Only the lines from the one with "I flashed this multipitch" onward are wanted, through the last line of the entries, set down exactly.

[Data under study Boundary: Start]

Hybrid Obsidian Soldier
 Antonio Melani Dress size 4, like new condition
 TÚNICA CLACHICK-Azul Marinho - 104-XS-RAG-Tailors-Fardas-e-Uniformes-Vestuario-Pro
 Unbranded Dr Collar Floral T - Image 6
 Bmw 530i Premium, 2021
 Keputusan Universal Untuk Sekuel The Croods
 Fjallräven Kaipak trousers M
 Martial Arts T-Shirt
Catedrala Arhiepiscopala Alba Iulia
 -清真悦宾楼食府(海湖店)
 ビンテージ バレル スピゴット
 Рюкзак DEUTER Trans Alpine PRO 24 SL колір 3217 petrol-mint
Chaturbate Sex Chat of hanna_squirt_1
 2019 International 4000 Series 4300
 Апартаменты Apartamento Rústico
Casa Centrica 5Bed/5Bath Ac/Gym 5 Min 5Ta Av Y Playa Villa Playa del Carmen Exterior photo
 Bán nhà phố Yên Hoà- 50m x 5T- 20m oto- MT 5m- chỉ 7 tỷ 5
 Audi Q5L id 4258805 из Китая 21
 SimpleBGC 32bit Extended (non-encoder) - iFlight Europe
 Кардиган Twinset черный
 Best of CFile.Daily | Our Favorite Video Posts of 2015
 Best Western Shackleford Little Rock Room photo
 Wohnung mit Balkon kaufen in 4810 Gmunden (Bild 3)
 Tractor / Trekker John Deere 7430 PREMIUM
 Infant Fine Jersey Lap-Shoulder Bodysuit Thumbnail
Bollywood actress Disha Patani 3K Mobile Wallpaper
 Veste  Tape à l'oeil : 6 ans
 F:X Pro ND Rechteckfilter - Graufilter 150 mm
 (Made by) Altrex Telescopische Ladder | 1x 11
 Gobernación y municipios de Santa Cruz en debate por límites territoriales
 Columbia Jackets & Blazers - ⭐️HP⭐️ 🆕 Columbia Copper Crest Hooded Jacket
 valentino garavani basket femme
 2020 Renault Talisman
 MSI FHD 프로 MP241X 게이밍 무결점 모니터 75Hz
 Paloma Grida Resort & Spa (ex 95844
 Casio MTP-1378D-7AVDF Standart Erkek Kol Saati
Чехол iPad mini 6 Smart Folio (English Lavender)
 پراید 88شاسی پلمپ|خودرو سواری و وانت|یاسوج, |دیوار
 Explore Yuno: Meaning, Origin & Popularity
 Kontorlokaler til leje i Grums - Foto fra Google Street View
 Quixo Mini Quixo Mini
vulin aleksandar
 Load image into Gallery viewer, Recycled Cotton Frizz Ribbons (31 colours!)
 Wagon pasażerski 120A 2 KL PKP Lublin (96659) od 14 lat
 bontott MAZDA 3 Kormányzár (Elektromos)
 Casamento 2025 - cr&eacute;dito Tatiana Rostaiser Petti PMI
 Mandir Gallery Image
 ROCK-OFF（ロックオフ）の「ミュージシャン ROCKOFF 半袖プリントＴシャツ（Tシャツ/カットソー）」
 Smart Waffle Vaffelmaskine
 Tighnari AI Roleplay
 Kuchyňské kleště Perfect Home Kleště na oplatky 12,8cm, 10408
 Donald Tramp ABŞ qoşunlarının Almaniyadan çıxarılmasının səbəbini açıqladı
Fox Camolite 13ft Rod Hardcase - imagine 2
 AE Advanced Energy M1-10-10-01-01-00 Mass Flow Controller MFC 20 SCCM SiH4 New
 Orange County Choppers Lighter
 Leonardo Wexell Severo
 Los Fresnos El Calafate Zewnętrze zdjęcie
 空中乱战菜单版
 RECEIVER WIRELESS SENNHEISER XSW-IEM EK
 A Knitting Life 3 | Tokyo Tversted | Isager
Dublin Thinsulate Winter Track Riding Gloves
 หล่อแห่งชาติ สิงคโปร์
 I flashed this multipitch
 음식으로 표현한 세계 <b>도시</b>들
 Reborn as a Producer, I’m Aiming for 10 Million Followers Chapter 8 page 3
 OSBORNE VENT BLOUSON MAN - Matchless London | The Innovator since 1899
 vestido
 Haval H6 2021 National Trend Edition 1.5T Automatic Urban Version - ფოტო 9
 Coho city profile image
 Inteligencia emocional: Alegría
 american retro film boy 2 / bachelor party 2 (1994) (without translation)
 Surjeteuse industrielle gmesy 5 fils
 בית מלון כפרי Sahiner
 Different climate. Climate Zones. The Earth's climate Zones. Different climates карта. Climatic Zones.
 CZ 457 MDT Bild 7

[Data under study Boundary: End]

= Answer space =
 I flashed this multipitch
 음식으로 표현한 세계 <b>도시</b>들
 Reborn as a Producer, I’m Aiming for 10 Million Followers Chapter 8 page 3
 OSBORNE VENT BLOUSON MAN - Matchless London | The Innovator since 1899
 vestido
 Haval H6 2021 National Trend Edition 1.5T Automatic Urban Version - ფოტო 9
 Coho city profile image
 Inteligencia emocional: Alegría
 american retro film boy 2 / bachelor party 2 (1994) (without translation)
 Surjeteuse industrielle gmesy 5 fils
 בית מלון כפרי Sahiner
 Different climate. Climate Zones. The Earth's climate Zones. Different climates карта. Climatic Zones.
 CZ 457 MDT Bild 7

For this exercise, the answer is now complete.